COPY FROM/TO losing a single byte of a multibyte UTF-8 sequence

From: Steven Schlansker <steven(at)trumpet(dot)io>
To: pgsql-bugs(at)postgresql(dot)org
Subject: COPY FROM/TO losing a single byte of a multibyte UTF-8 sequence
Date: 2010-08-18 23:11:31
Message-ID: 8F72262C-5694-4626-A87F-00604FB5E1D6@trumpet.io
Views: Raw Message | Whole Thread | Download mbox | Resend email
Thread:
Lists: pgsql-bugs pgsql-hackers

Hello fine PostgreSQL bug-busters,

I'm having a rather annoying problem - a particular string is causing the Postgres COPY functionality to lose a byte, causing data corruption in backups and transferred data.

First, the environment -

PostgreSQL 8.4.4 on i386-apple-darwin10.3.0, compiled by GCC i686-apple-darwin10-gcc-4.2.1 (GCC) 4.2.1 (Apple Inc. build 5646) (dot 1), 64-bit

Mac OS X 10.6.4

[steven(at)xxx:~]% psql --version
psql (PostgreSQL) 8.4.4
contains support for command-line editing

Now, the setup:
Name | Owner | Encoding | Collation | Ctype | Access privileges | Size | Tablespace | Description
baddb | xxxxxxx_production | UTF8 | en_US.utf-8 | en_US.utf-8 | | 207 MB | pg_default |

baddb=> create table badtable (a int, b int, c character varying, d character varying, e character varying, f character varying[], g text, h character varying[],i character varying[], j character varying[], k character varying[], l character varying[], m character varying[], n character varying[],o character varying, p character varying);

baddb=> \copy badtable from '/tmp/data.copy'
baddb=> \copy badtable to '/tmp/badness.copy'
baddb=> \copy badtable from '/tmp/badness.copy'
ERROR: invalid byte sequence for encoding "UTF8": 0xcf2c
HINT: This error can also happen if the byte sequence does not match the encoding expected by the server, which is controlled by "client_encoding".
CONTEXT: COPY badtable, line 1

Obviously, this wouldn't be too helpful without the datafile in question:

1 2377510 FOURSQUARE 1403504 Pizza Hut {} \N {} {} {} {Pizza} {πίτσα,hut,food,ζωγράφου,pizza,eat,zografou} {} \N \N \N

Since this is likely to be eaten by various mail clients or lost in translation, please find attached a TGZ of the data file in question.

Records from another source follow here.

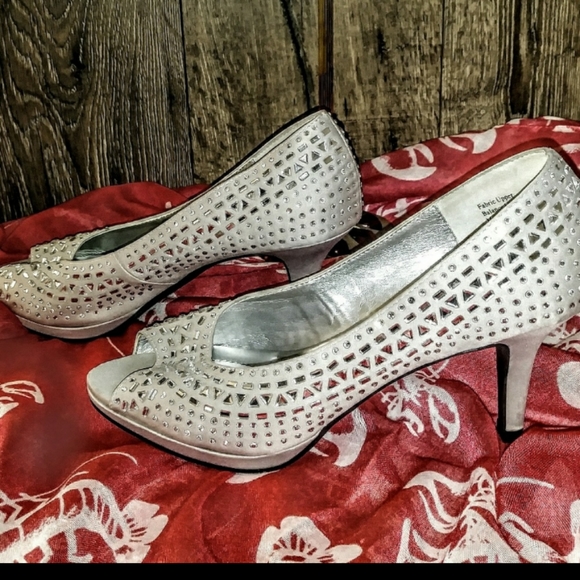 Kelly & Katie Shoes Size 7.5 Silver Mosaic… - Picture 10 of 11
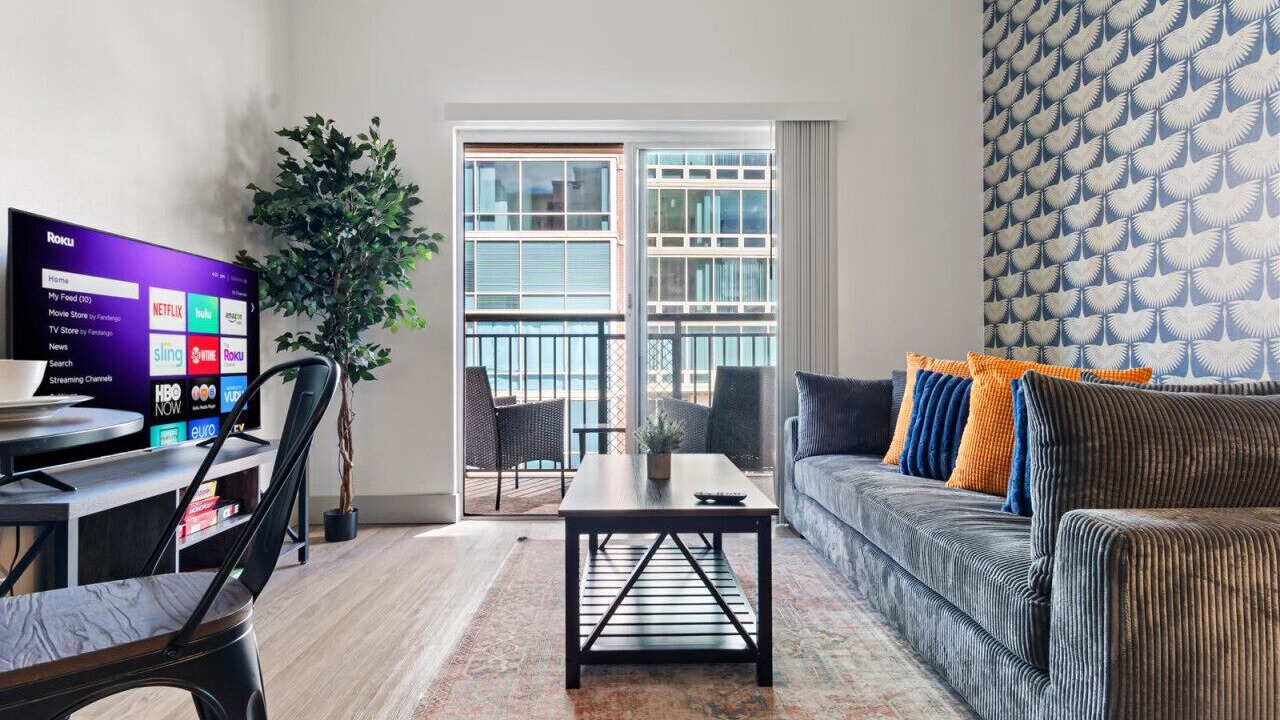 Photo of Livingroom in Charlotte Center City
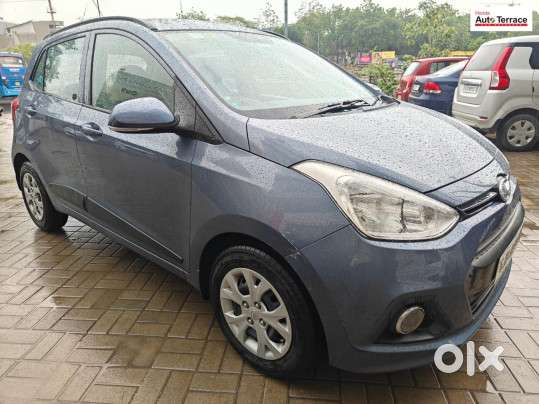 Hyundai Grand I10 Sportz, 2016, Petrol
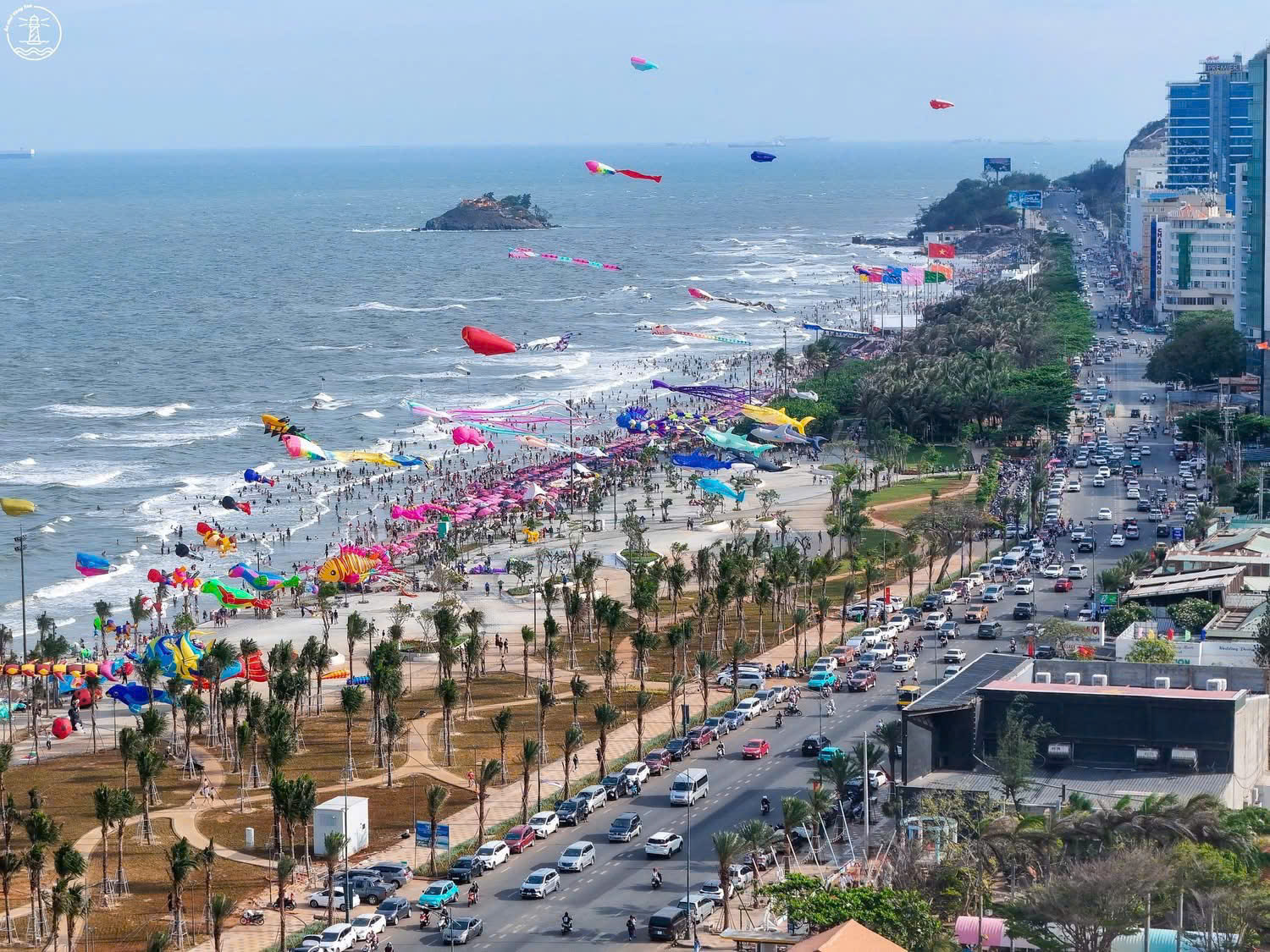 Công viên Bãi Sau thuộc dự án chỉnh trang trục đường Thùy Vân, tạo dấu ấn với du khách dù đang tring quá trình thi công. Công viên Bãi Sau thuộc dự án chỉnh trang trục đường Thùy Vân, tạo dấu ấn với du khách dù đang tring quá trình thi công.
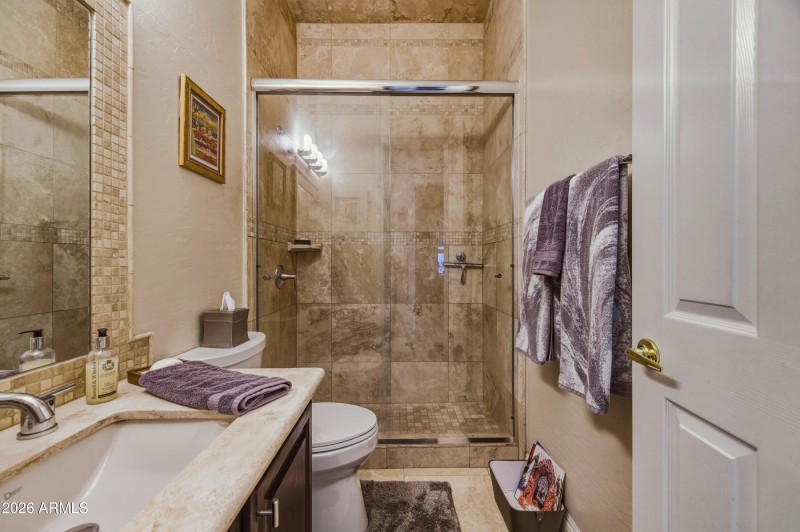 636 E Vermont Dr-141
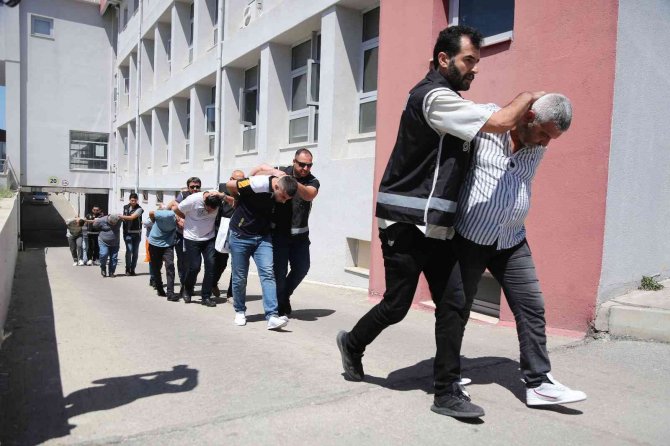 Silah Kaçakçılarına 6 Tutuklama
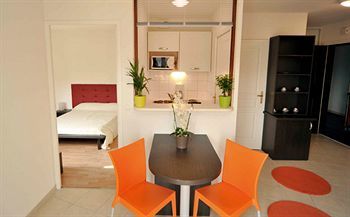 Hotel Park & Suites Confort Thonon Les Bains Apartments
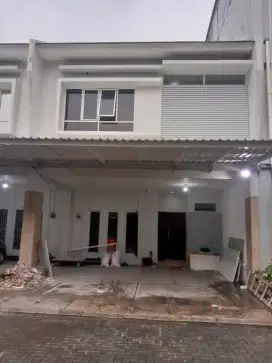 Disewakan rumah 2 lantai di lotus residence rempoa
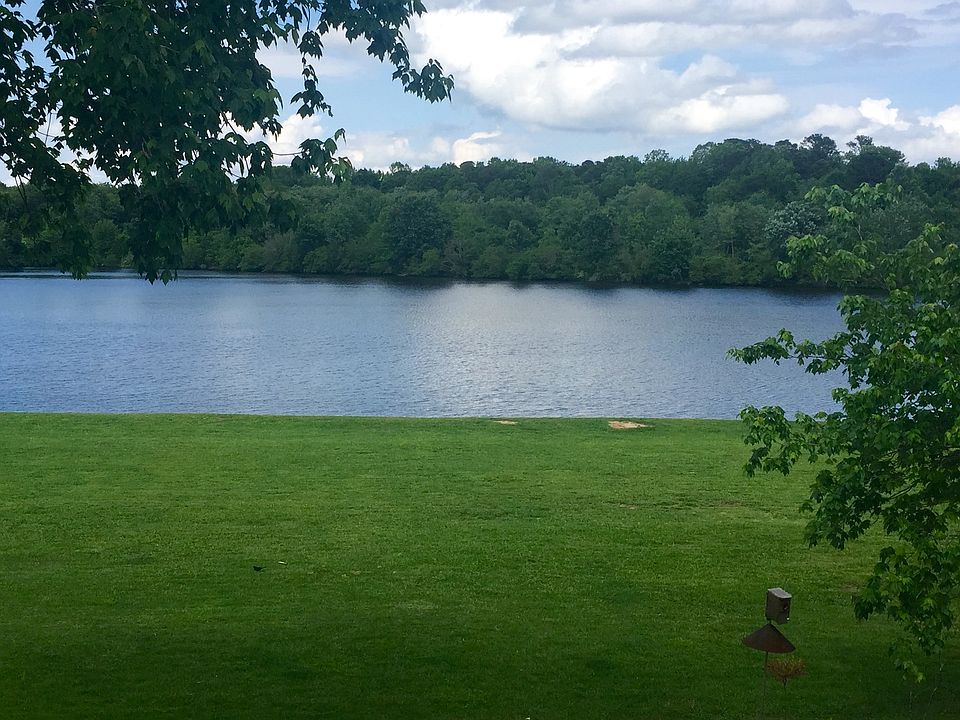 180 degree view of Lake Peachtree from condo back balcony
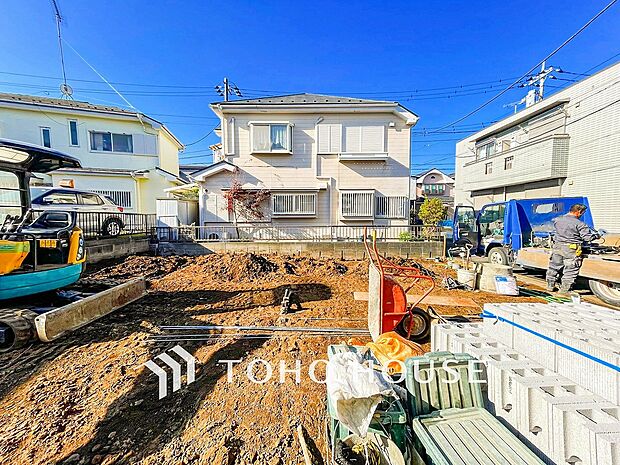 爽やかな青空の下に贅沢なほどに降り注ぐ陽光、豊かな居住性と、クオリティが見事に調和した住空間。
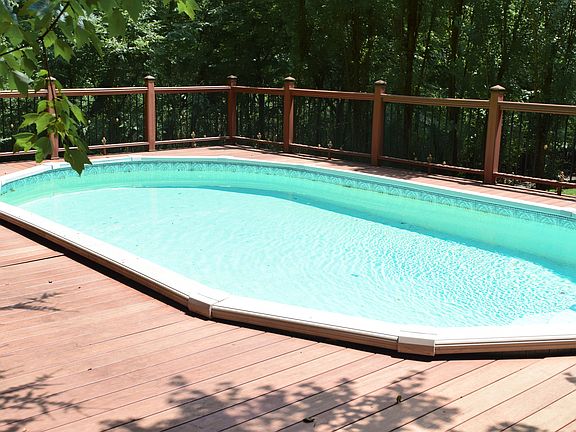 Pool / Deck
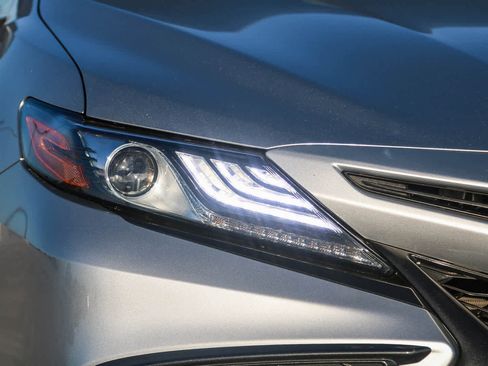 Used 2023 Toyota Camry XSE image 4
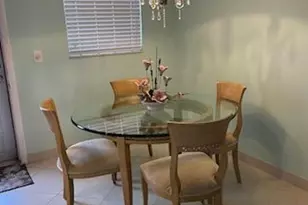 705 Lori Dr, Palm Springs, FL 33461 - Photo 6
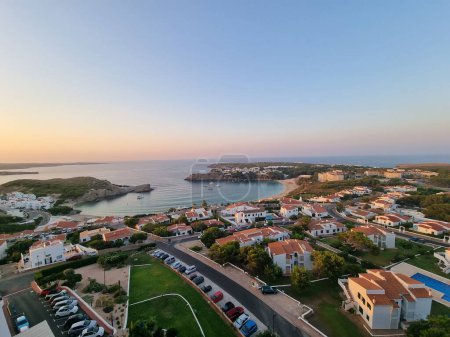 Foto de Un disparo de dron del pequeño pueblo de Arenal d 'en Castell al atardecer en Es Mercadal, Costa Norte de Menorca, España - Imagen libre de derechos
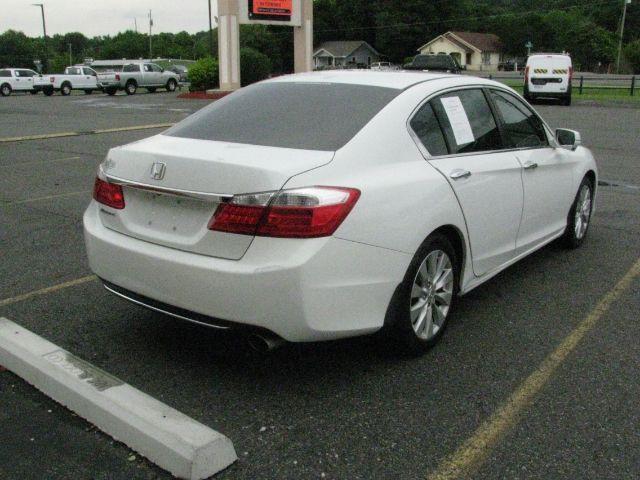 2014 White Honda Accord EX-L (1HGCR2F83EA) with an 2.4L I-4 gasoline direct injection engine, Automatic transmission, located at 2443 Albert Pike, Hot Springs, AR, 71913, (501) 623-6255, 34.492222, -93.109993 - Photo#3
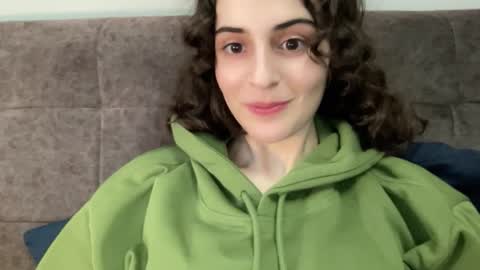 Snapshot of wonderland_stia chatting on 09-12-25, 06:24 Stia online show from 09-12-25, 06:24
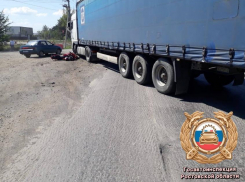 В Азове полицейские расследуют аварию с участием грузовика и мотоцикла
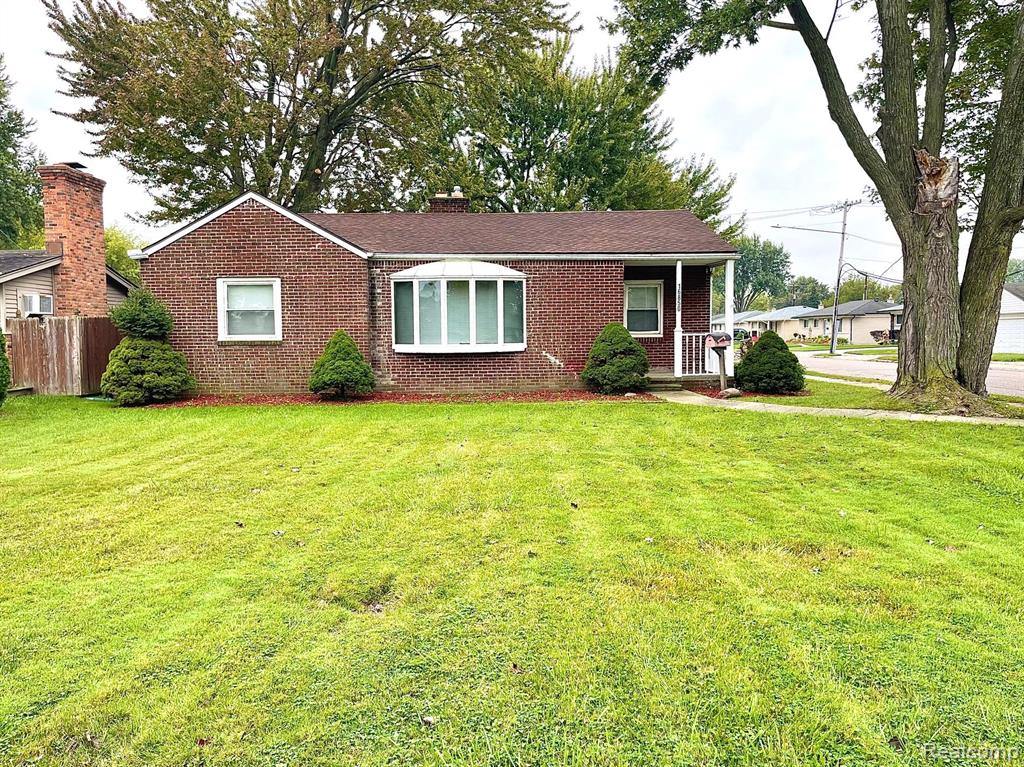 16850 Martin Road , Roseville, Michigan image 1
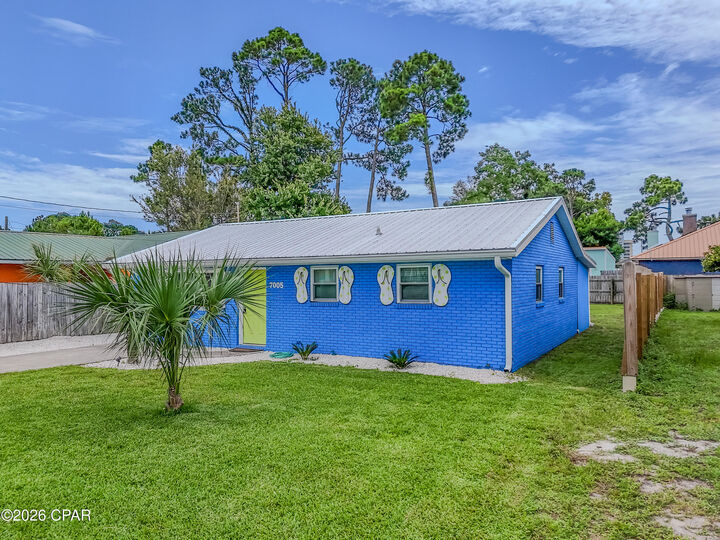 Property Photo: 7005 S Lagoon Drive FL 32408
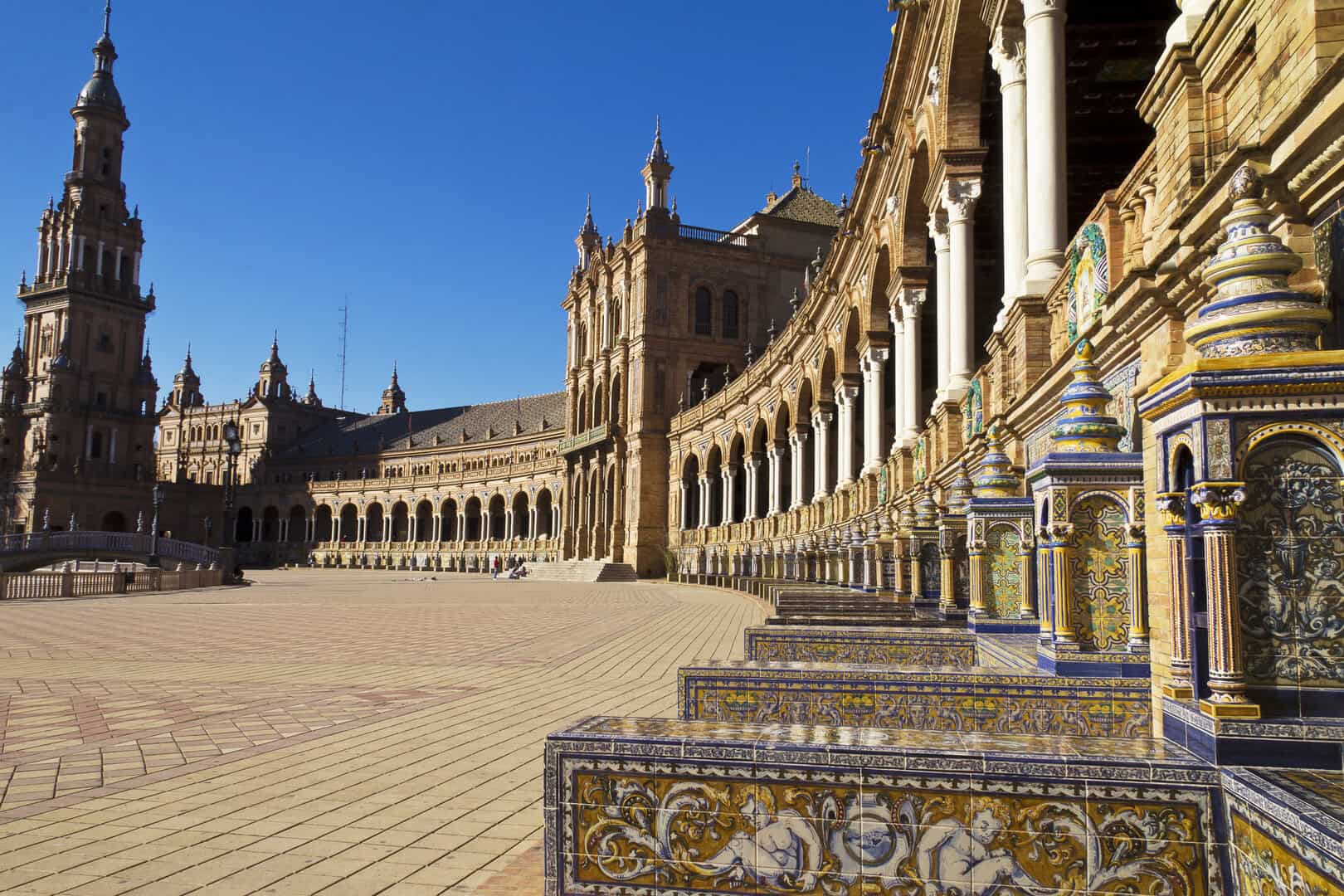Siviglia: Colori, flamenco e storia nel cuore dell’Andalusia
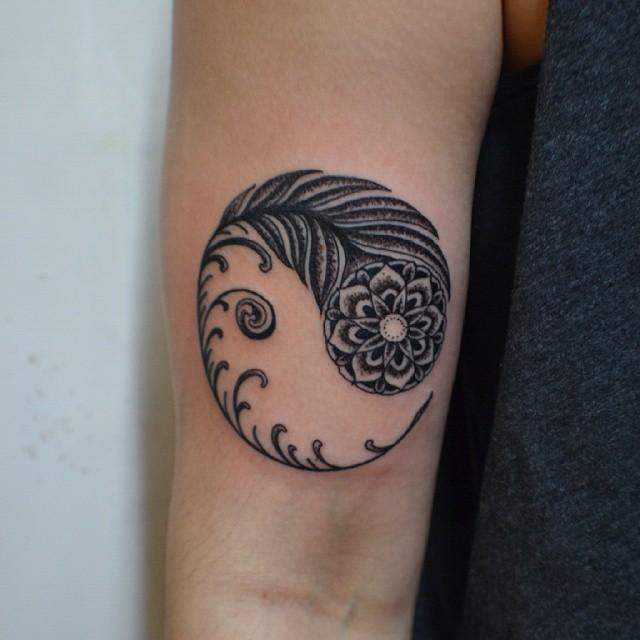 Yin und Yang Tattoo 111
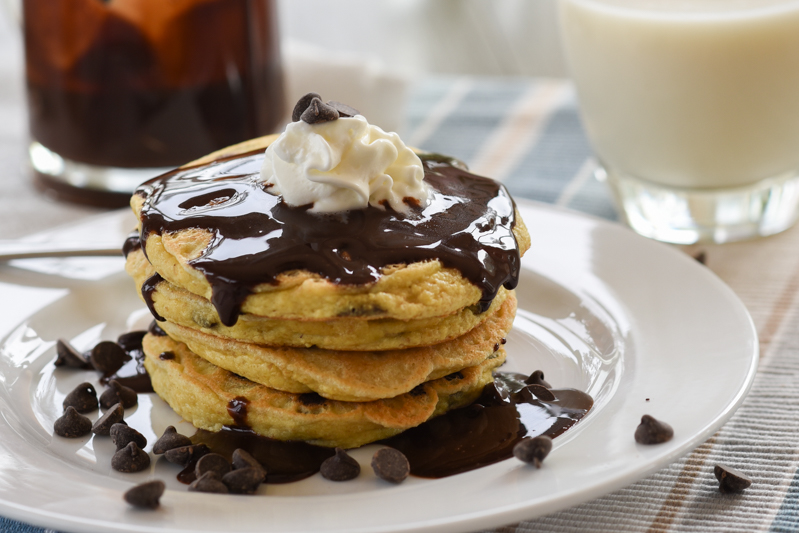 chocolate-chip-pancakes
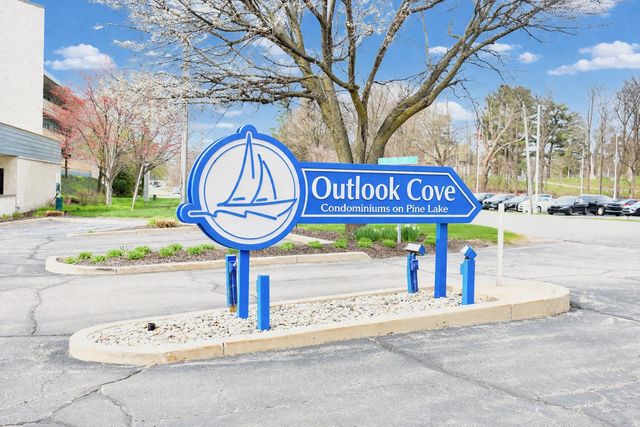 308 Outlook Cove Drive, La Porte, IN 46350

Attachment Content-Type Size
data.tgz application/octet-stream 260 bytes

Responses

Browse pgsql-bugs by date

  From Date Subject
Next Message Tom Lane 2010-08-19 01:27:48 Re: BUG #5622: Query failed: server closed the connection unexpectedly
Previous Message Albert Ullrich 2010-08-18 23:07:14 BUG #5626: Parallel pg_restore fails with "tuple concurrently updated"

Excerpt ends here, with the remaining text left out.